THE TASK:
Write out the records below exactly as they appear, skipping each picture.

DATA:
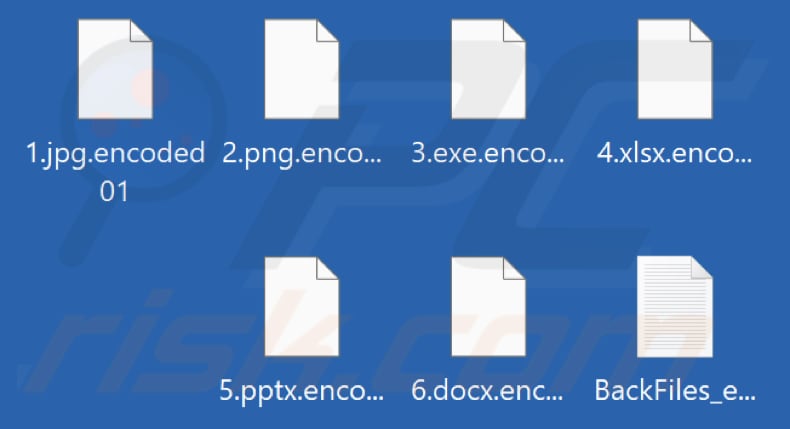 Archivos encriptados por el ransomware Encoded01 (extensión .encoded01)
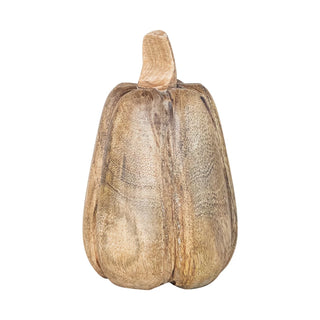 Mango Wood Stained Pumpkin - 5-3/4"H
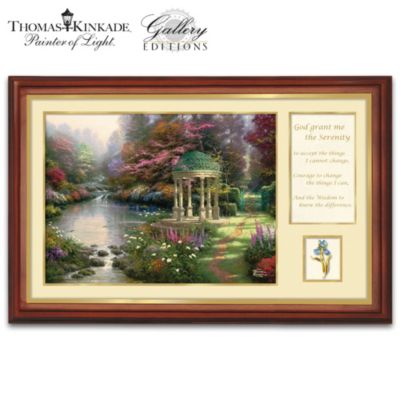 Thomas Kinkade Serenity Prayer Framed Canvas Print Wall Decor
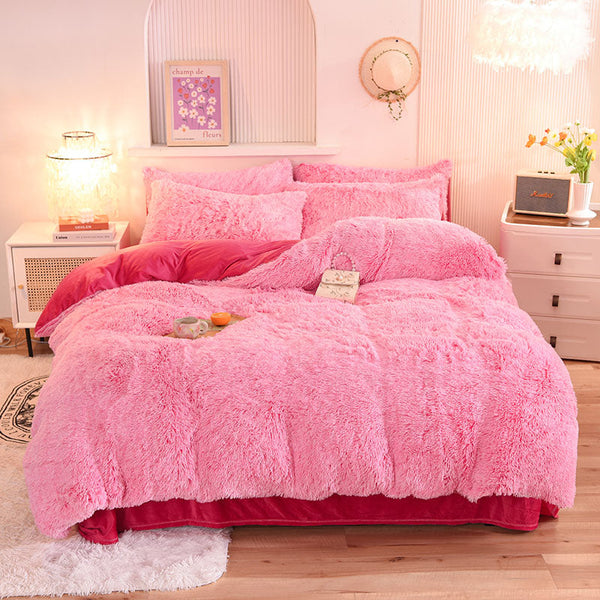 Therapeutic Fluffy Faux Mink & Velvet Fleece Quilt Cover Set - Pink white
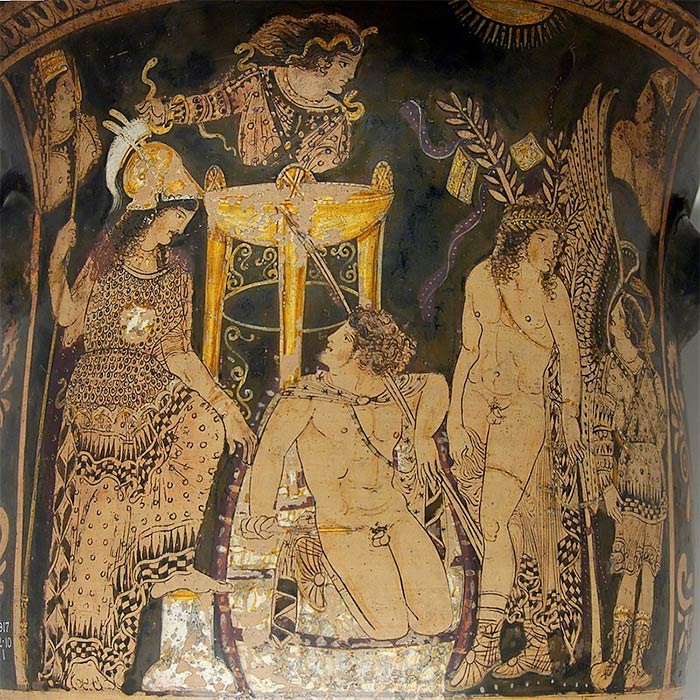 Orestes at Delphi with Pythia at her Tripod. Paestan red-figured bell-krater. (ca. 330 BC). (Public Domain)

RESULT OF THE EXERCISE:
 Archivos encriptados por el ransomware Encoded01 (extensión .encoded01)
 Mango Wood Stained Pumpkin - 5-3/4"H
 Thomas Kinkade Serenity Prayer Framed Canvas Print Wall Decor
 Therapeutic Fluffy Faux Mink & Velvet Fleece Quilt Cover Set - Pink white
 Orestes at Delphi with Pythia at her Tripod. Paestan red-figured bell-krater. (ca. 330 BC). (Public Domain)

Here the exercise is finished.